Yeah, I haven't made doc's yet, because I haven't finished the extension. I want to add textboxes, scroll bars and stuff like that.
You are doing everything correctly as far as I can see. Callback is just a script that is called. When you left click the button, the script should be executed. It should also pass arguments to it identifying the event, button id and so on. I haven't found a better way to do this, as don't support Lambda functions or the like. The extension is far more advanced in the branch here:
https://github.com/enigma-dev/enigma-dev/tree/GL3.3NormalMatrixI am saying that, because I can make you an example, but it will only work in that branch, as many things have changed. For example, in the callback function you can actually specify the event (right now it can be pressed, released or hover). Or the windows can be resized.
I have attached a simple example. It shows how many elements work, including toggles, buttons, windows, groups, sliders, styles, skins and callbacks.
I would appreciate feedback on how to progress with it. Originally I took Unity3D as reference, but because of the way EGL/GML works I was quite limited. For example, I cannot create one function window_add_element which adds buttons, toggles, other windows etc. I have to create a function for every element type. Callbacks calling scripts is also the only way I know how they could work. But as everything is calculated in _draw function, then the callback calls the script inside that object as well. So if you want a button to do something for another object, you have to do "with (obj_){}" inside the callback. None of this is particularly ugly, as that is how GM done it for years, so most people got used to it. But I personally want this to be prettier.

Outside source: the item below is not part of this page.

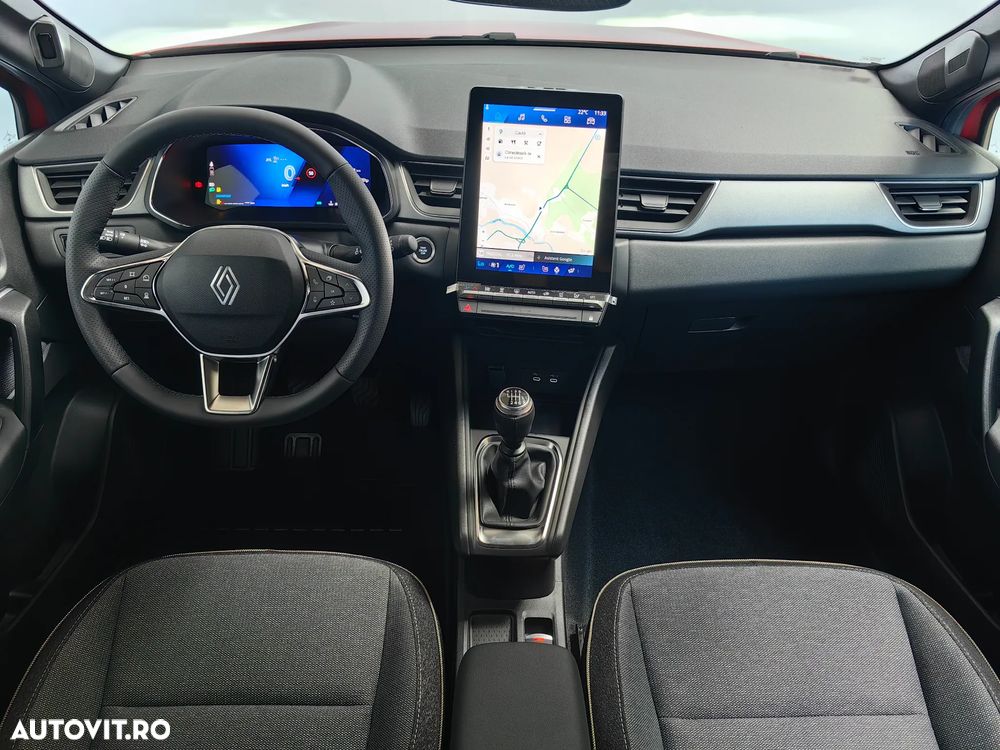 Renault Symbioz Eco-G 120 Techno - 8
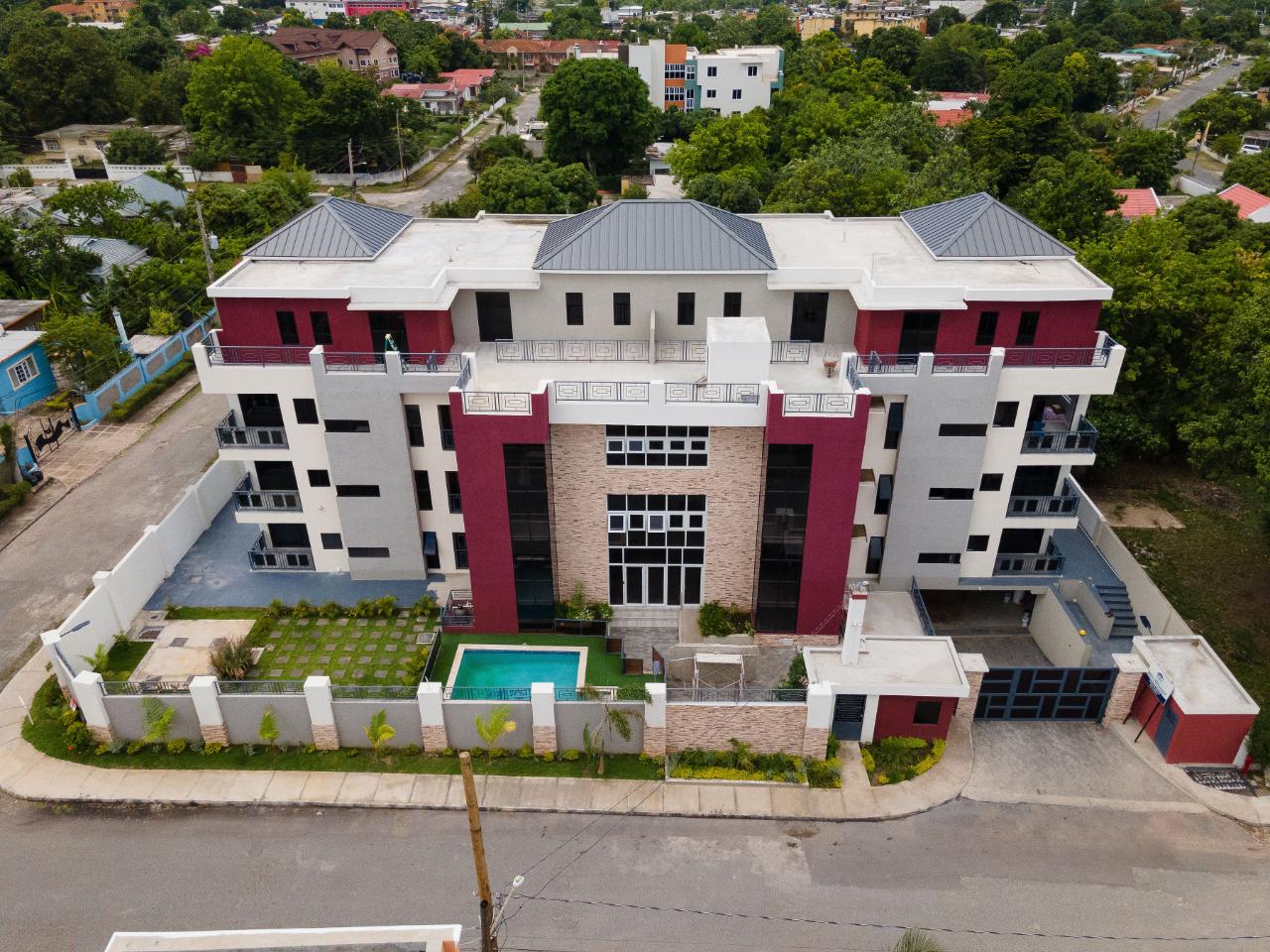 First image of 8-7 Sunset Drive in Kingston 10, St. Andrew, Jamaica - property is For Sale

Another thing I want to do is allow "texture" to be set as image or as content. So you can have the regular button style, but the content is not text, but another image. I want this so I could add surfaces as backgrounds. Right now you have _set_sprite, which uses a sprite. If I want to use backgrounds, I will need to add _set_background, for surfaces _set_surface. It multiplies the number of functions for no good reason. I could add _set_texture which would replace all of the functions, but then you would have to call _set_texture(sprite_get_texture(spr_button, 0)) which is not pretty again. And sprites can be animated, which is not possible with textures without you incrementing the second argument explicitly.
Here is screenshot for the example:

I put an ugly ass ghost image in the background to check transparency. I should probably replace it.